Provided that the distributed filesystem is reorganized to logically “DMA” data rather than copy it through its server, a fourth organization (4) reduces the number of network transits for data to two. This system also applies where clients are trusted to maintain filesystem metadata integrity and implement disk striping and redundancy. In this case, client caching of metadata can reduce the number of network transfers for control messages and data to two. Moreover, disks can be attached to client machines which are presumed to be independently paid for and generally idle. This eliminates additional store-and-forward cost, if clients are idle, without eliminating the copy itself.
In (5), the NASD architecture embeds the disk management functions into the device and offers a variable-length object storage interface while file managers enable repeated client accesses to specific storage objects by granting a cachable capability. Therefore, all data and most control travels across the network once and there is no expensive store-and-forward computer. Using an object interface in storage rather than a fixed-block interface shifts data layout management to the disk. Also, NASD partitions are variable-sized groupings of objects, not physical regions of disk media, enabling the total partition space to be managed easily, in a manner similar to virtual volumes or virtual disks. We also believe that specific implementations can exploit NASD’s uninterpreted filesystem-specific attribute fields to respond to higher-level capacity planning and reservation systems such as HP’s attribute-managed storage.

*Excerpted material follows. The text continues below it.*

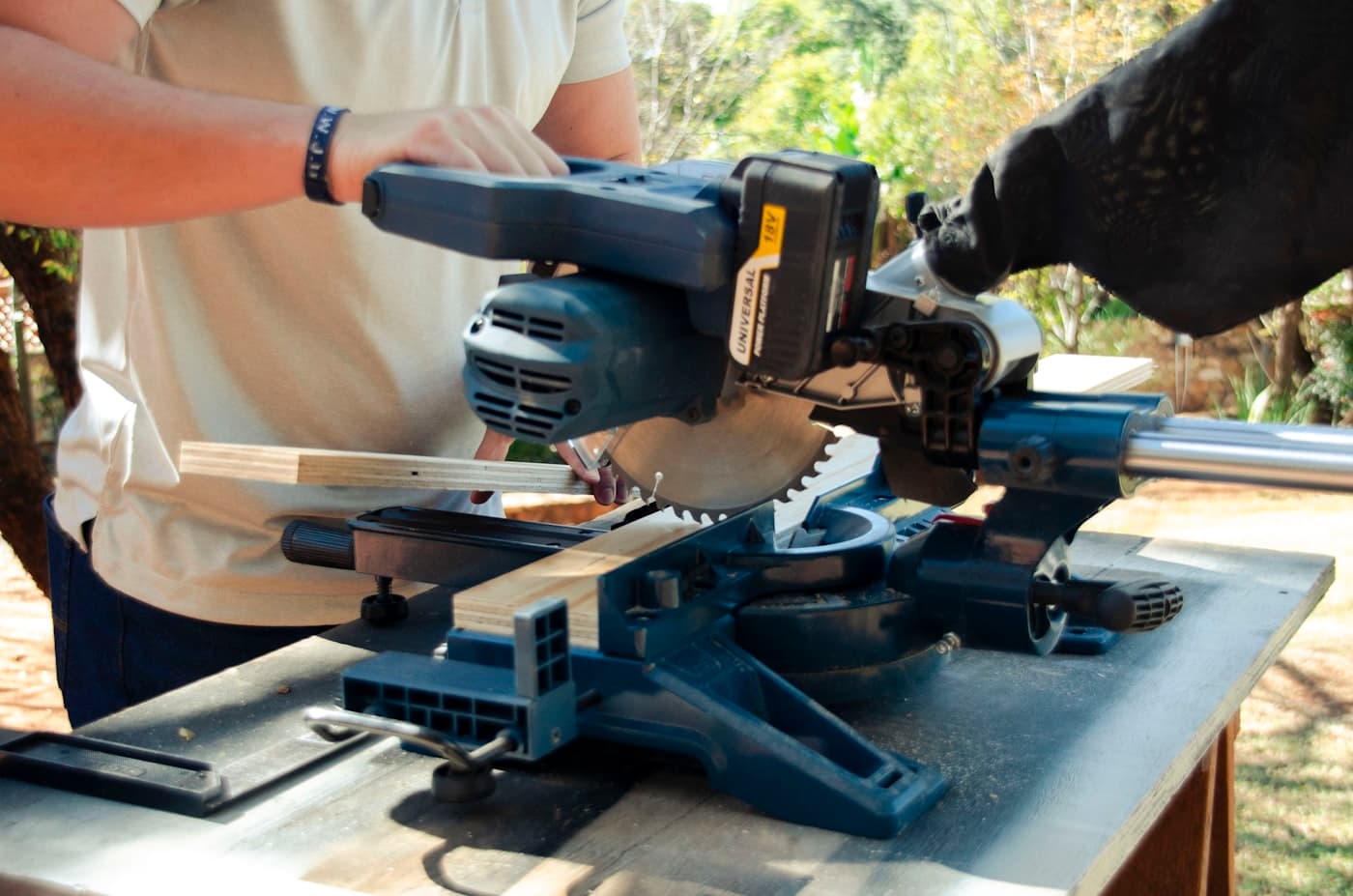A carpenter making a cut on a mitre saw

To offer disk striping and redundancy for NASD, we layer the NASD interface. In this organization (6), a storage manager replaces the file manager’s capability with a set of capabilities for the objects that actually make up the high-level striped object. This costs an additional control message but once equipped with these capabilities, clients again access storage objects directly. Redundancy and striping are done within the objects accessible with the client’s set of capabilities, not the physical disk addresses.